This week Tinder announced that they’re launching a new opt-in setting for their users in India called ‘My Move’. It gives women the choice to be the only one with the power to send the first message – so basically it’s Bumble.
— Tinder India (@Tinder_India) September 25, 2018
There’s a lot of big talk about the impact of the ~revolutionary~ ‘women make the first move’ feature, but branding it as ’empowering’ or even a ‘safety feature’ always feels like a wildly over-enthusiastic exaggeration.
Just take the major oversell doled out by General Manager for Tinder owner Match Group India, Taru Kapoor:
“(Users) can shape their own destiny, connect with people they feel comfortable with and at all points of time, feel in control. Our users have the autonomy, especially women have the autonomy, on how to be engaged, to be empowered, to control their experience.”
I hate to be cynical, but realistically having women send the first message does not majorly change the course of any conversation. If a guy is going to be sexually explicit, racist, rude or any of the other usual brands of gross that women cop on dating apps, they’re going to do it whether or not we send the first wave emoji.
I've had some interesting conversations with some of my female friends about how effective this new feature will be.
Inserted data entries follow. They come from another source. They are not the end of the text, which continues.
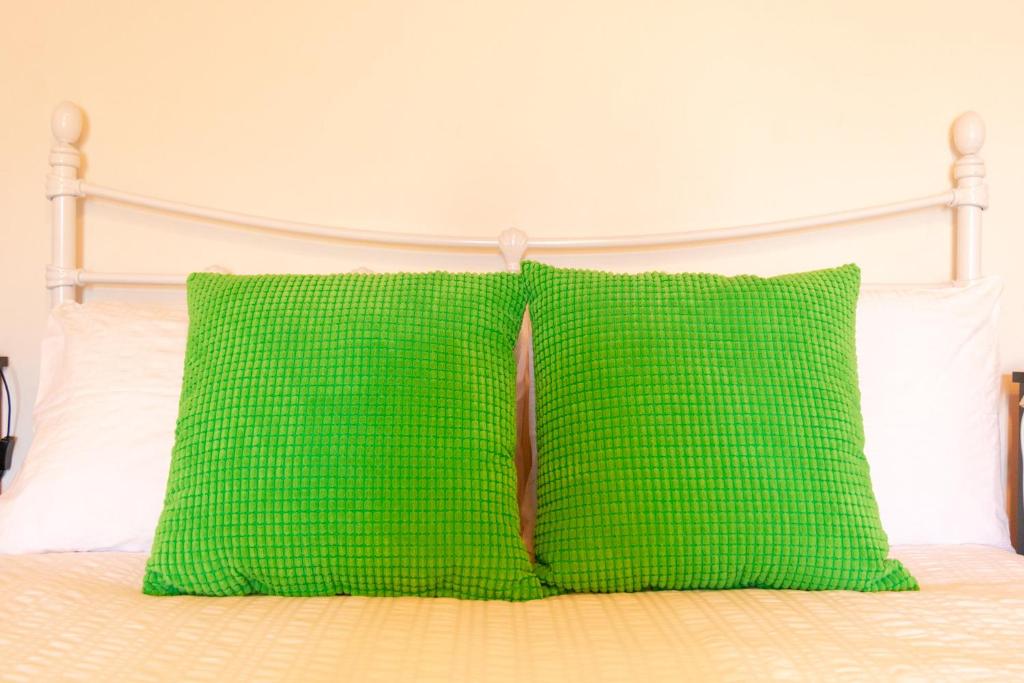 Villa Shakespeare - Resim 1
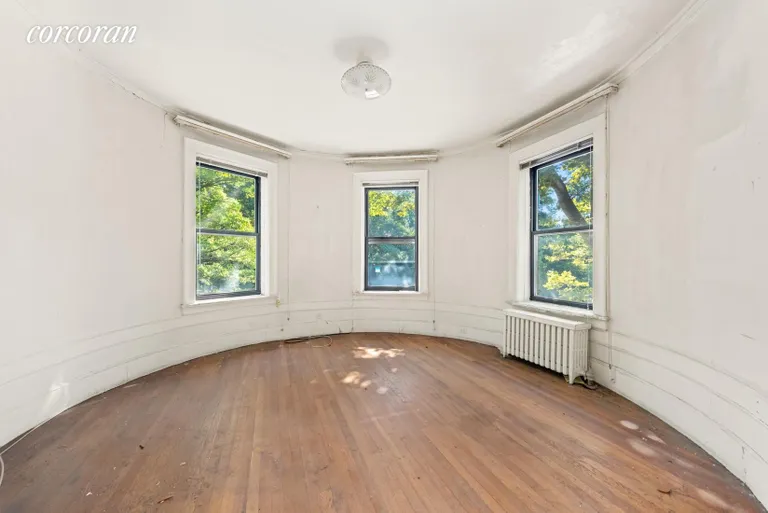 New York City Real Estate | View 310 Windsor Place, 18 | Living Room | View 2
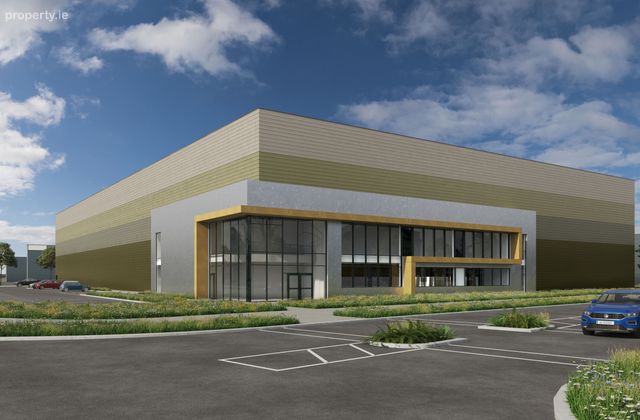 Unit E1 Horizon Business Park, Swords, Co. Dublin - Click to view photos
General consensus seems to be: not very. Would love to hear what you think!
— Rishi Iyengar (@Iyengarish) September 25, 2018
Content filters, heavier scrutiny on users, more thorough identity confirmation processes are just some of the ways that dating apps can actually create a safer space for their non-male users.
I don’t particularly care for advertising that tries to sell me fake empowerment in the form of a fairly-useless first message feature, so let’s not pretend that Tinder or Bumble are doing anything meaningful to cull creeps from my dating feed by just putting the onus on women to look really closely before sending that first message.
Gross men will be gross no matter your opening line.